Input for this task Start Marker

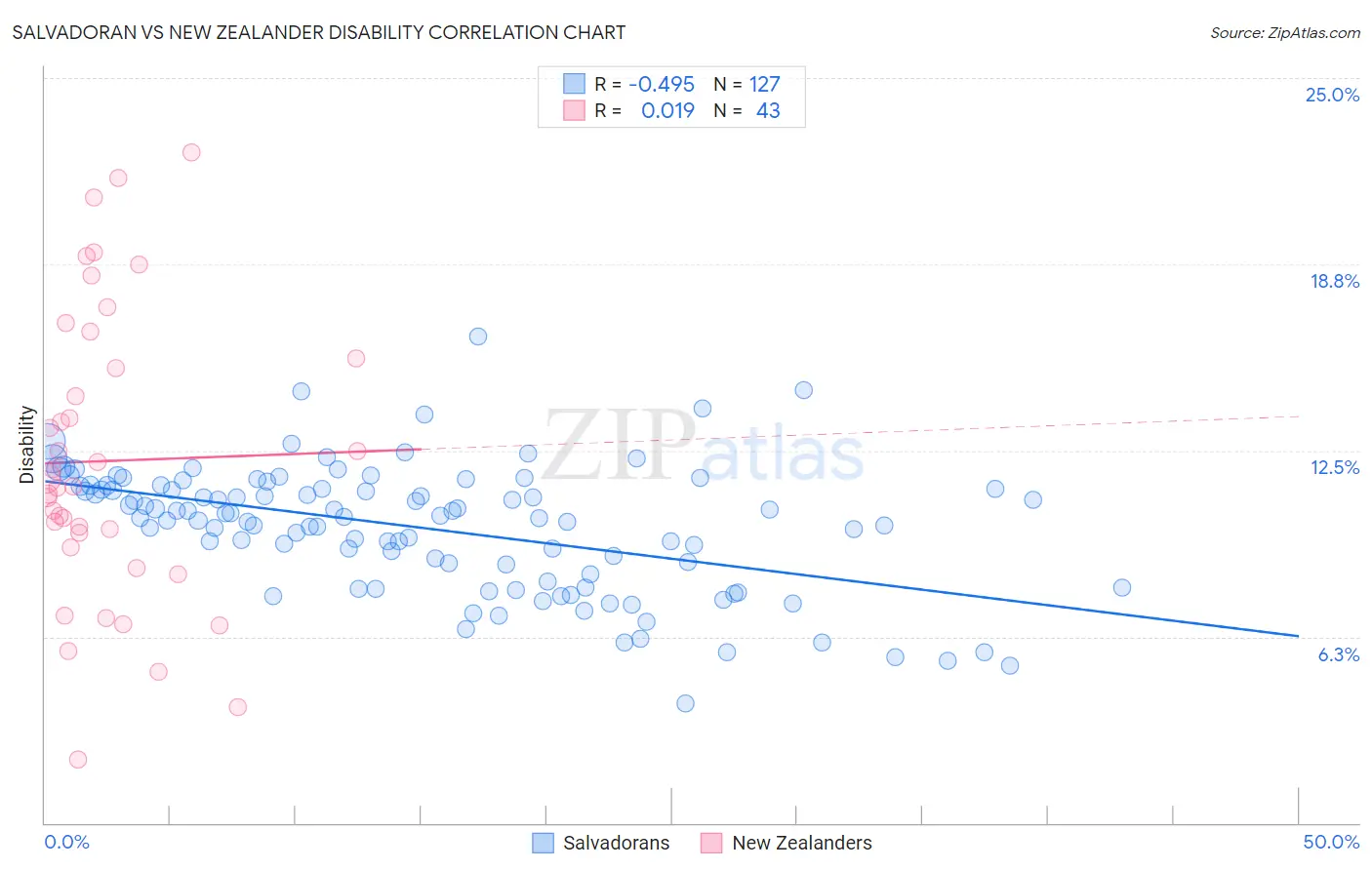 Salvadoran vs New Zealander Disability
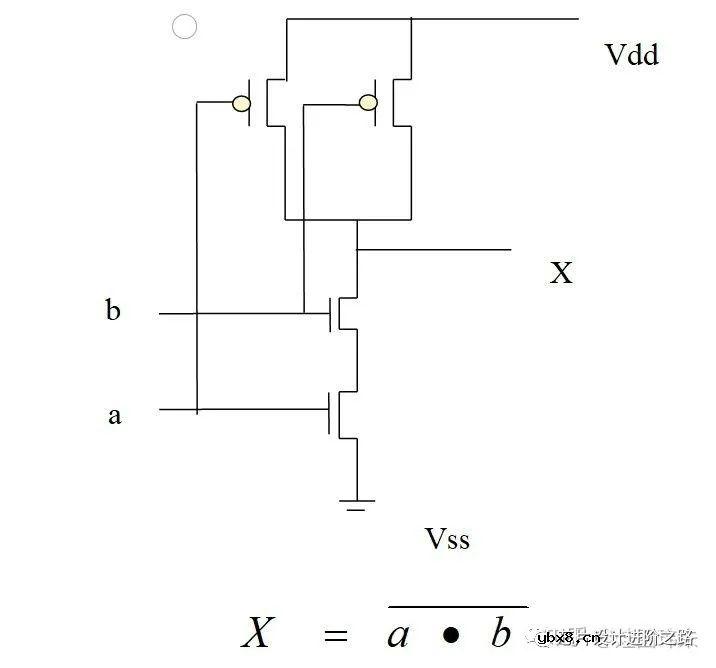 芯片设计进阶之路—从CMOS到建立时间和保持时间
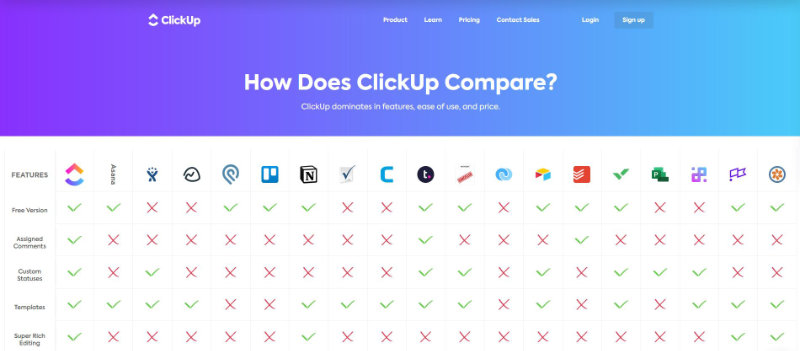 Vergleichende Landingpage ClickUp vs. Konkurrenz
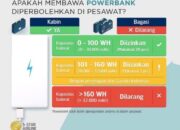 Cek Power Bank Mu Sebelum Melakukan Penerbangan Menggunakan Pesawat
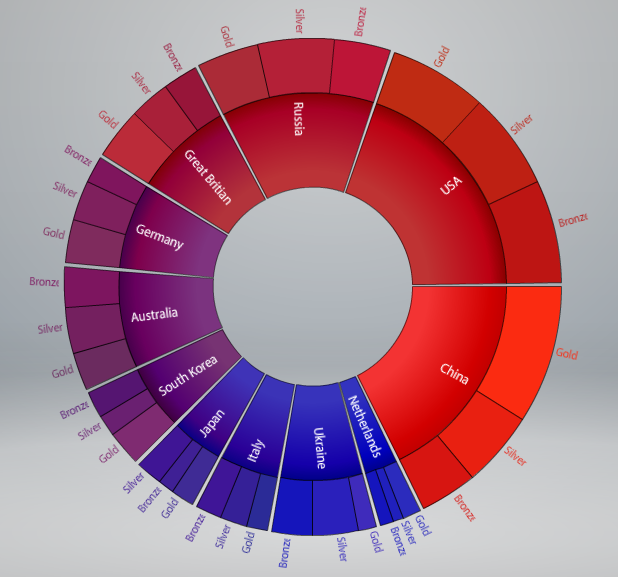 Open Source Data Visualization Framework – Axiis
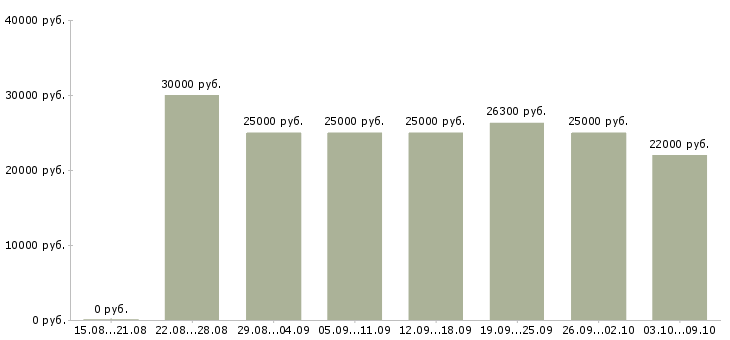 Вакансии удаленная трудоустройство официально в Белгороде - Медиана зарплат удаленная трудоустройство официально в Белгороде за 2 месяца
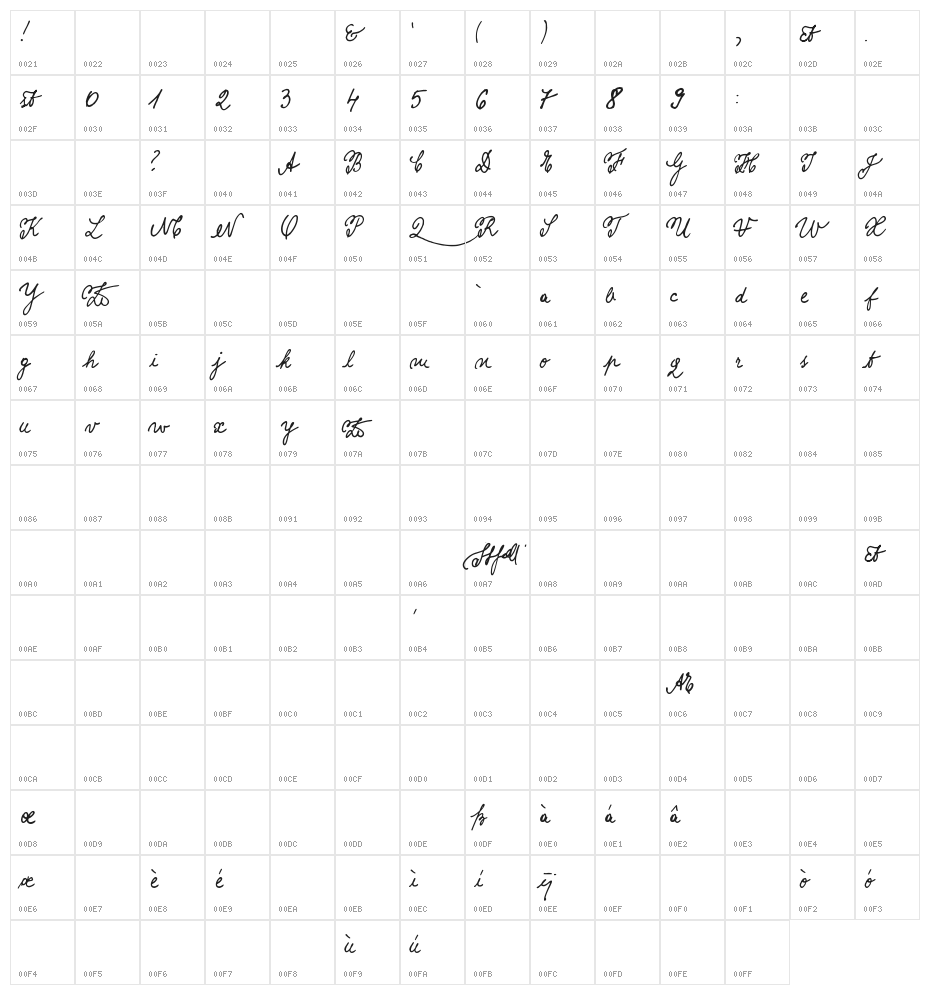 Cioroianu font Character Map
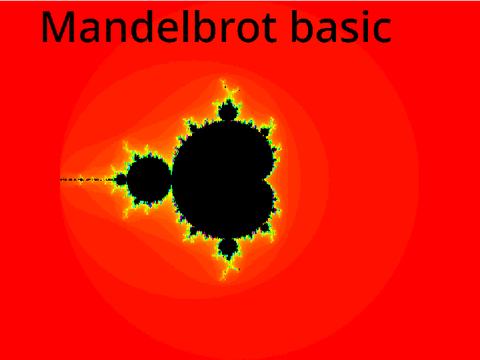 Mandelbrot basic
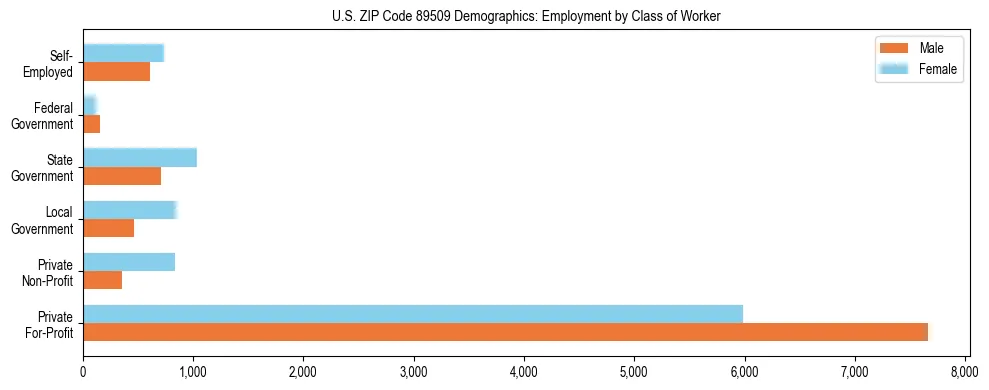 Horizontal bar chart showing employment distribution by class of worker and gender in US ZIP Code 89509, based on 2023 ACS data.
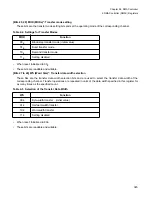 Preview for 361 page of Fujitsu FR Family FR60 Lite User Manual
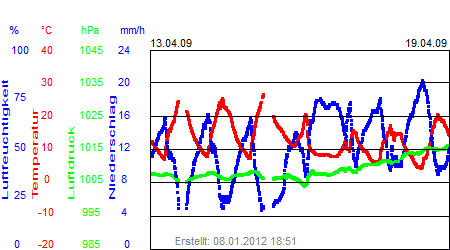 Grafik der Wettermesswerte der Woche 16 / 2009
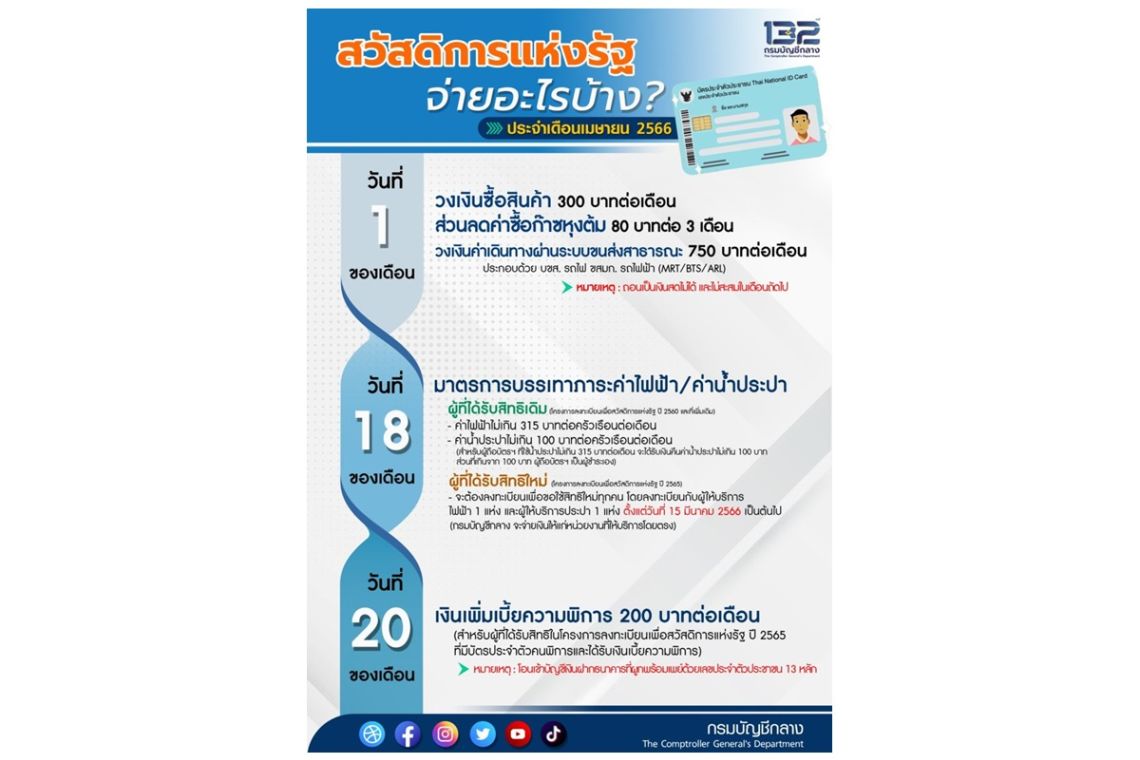 เข้างวดแรกแล้วจ้า "เงินเพิ่มเบี้ยความพิการ" บัตรสวัสดิการแห่งรัฐรอบใหม่เช็กได้เลย! 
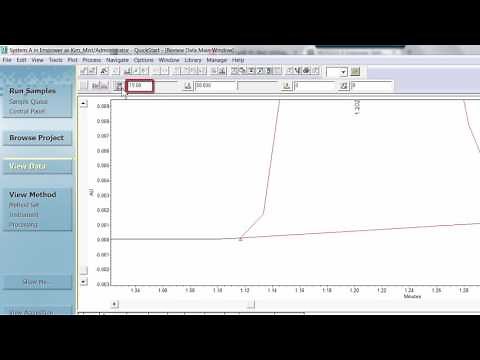 Setting Traditional Peak Width and Threshold in Empower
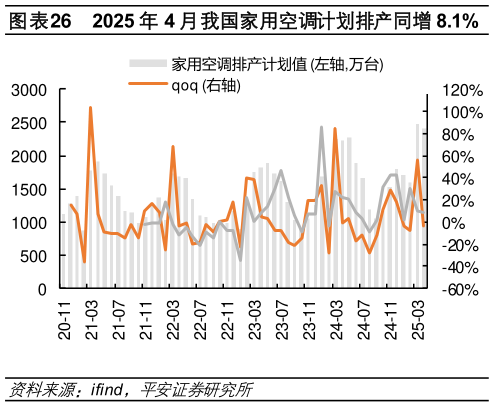 咨询大家2025 年 4 月我国家用空调计划排产同增 8.1%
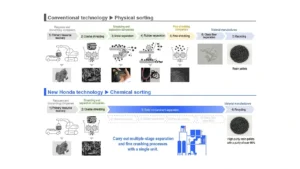 Honda desarrolla nueva tecnología para la separación de contaminantes sólidos en plásticos recuperados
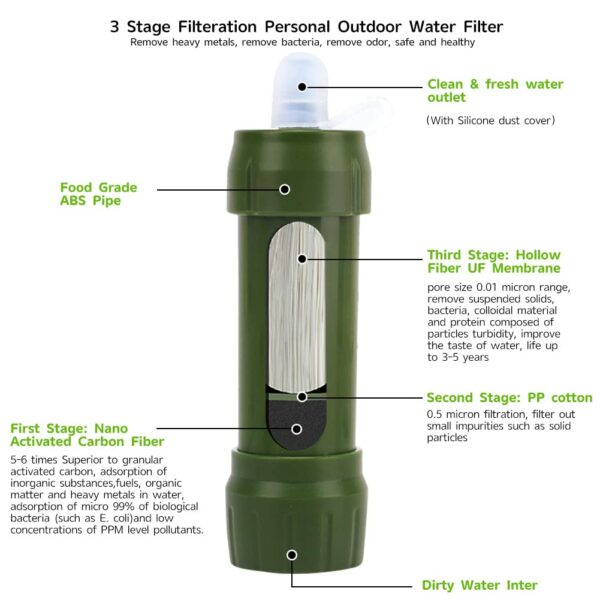 Portable Water Filter Straw - Image 3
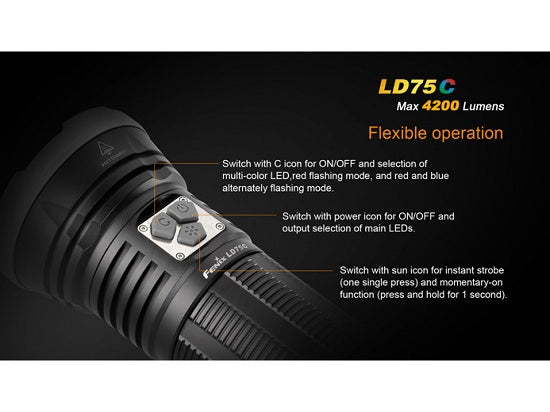 Lanterna Fenix Model LD75C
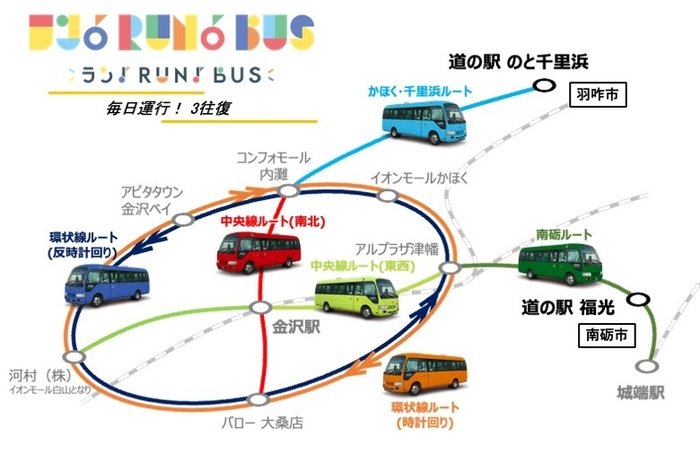 ラン♪Run♪Bus ルート構成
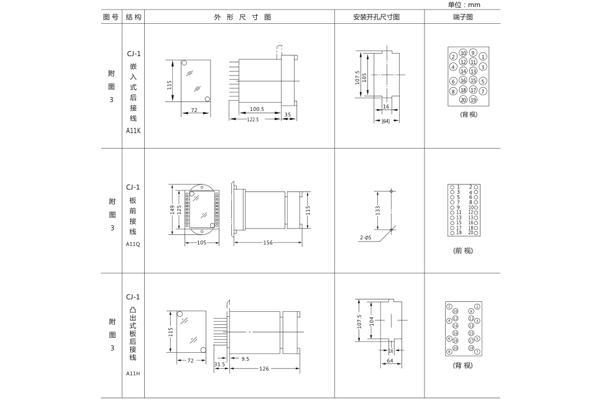 安裝尺寸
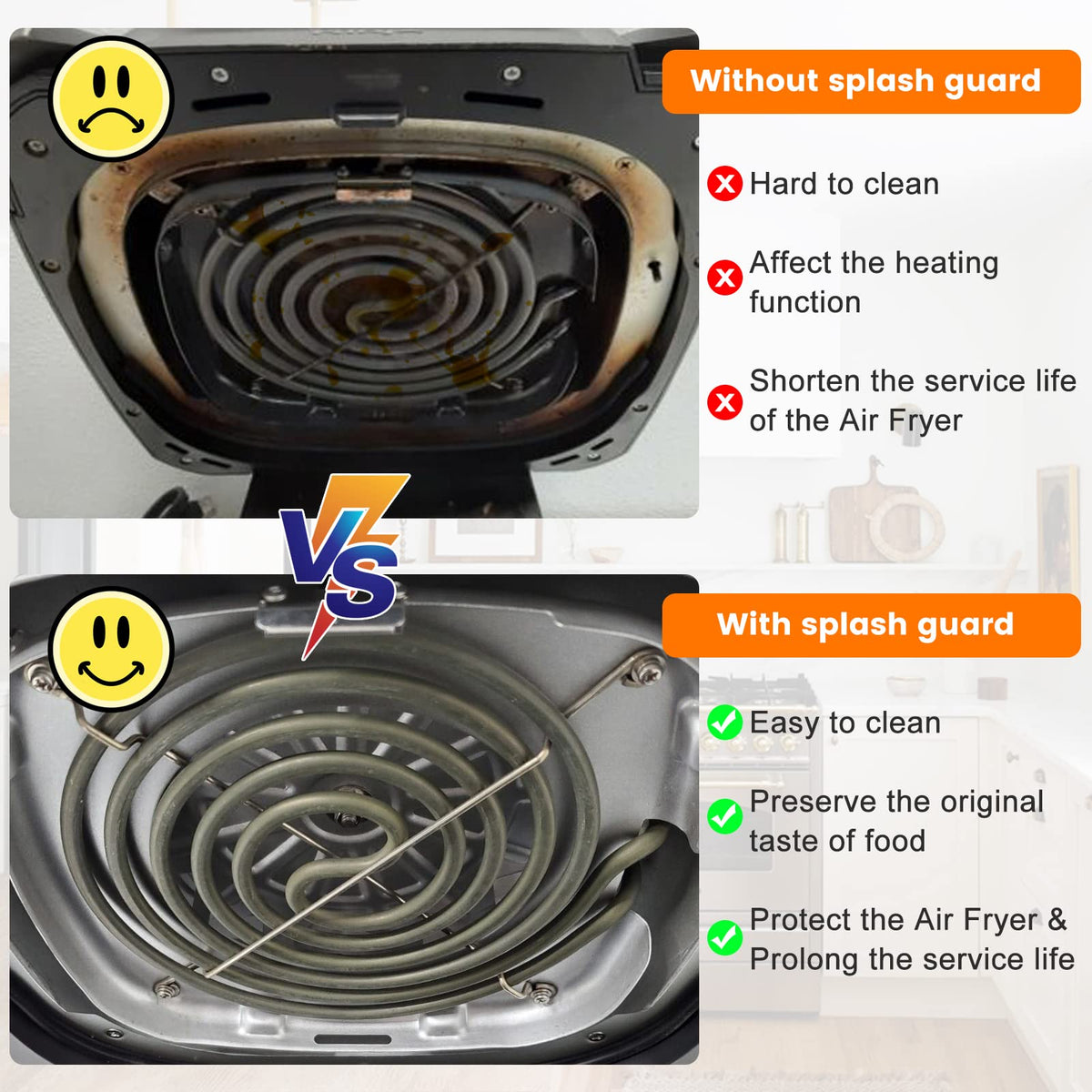 GWY stainless mesh shield is dishwasher safe for quick cleanup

Input for this task End Marker

=== Assignment ===
Copy out exactly the lines above beginning with the line that contains "Vergleichende Landingpage ClickUp" and finishing with the line that contains "Horizontal bar chart", including both; leave the pictures out.

=== Response area ===
 Vergleichende Landingpage ClickUp vs. Konkurrenz
 Cek Power Bank Mu Sebelum Melakukan Penerbangan Menggunakan Pesawat
 Open Source Data Visualization Framework – Axiis
 Вакансии удаленная трудоустройство официально в Белгороде - Медиана зарплат удаленная трудоустройство официально в Белгороде за 2 месяца
 Cioroianu font Character Map
 Mandelbrot basic
 Horizontal bar chart showing employment distribution by class of worker and gender in US ZIP Code 89509, based on 2023 ACS data.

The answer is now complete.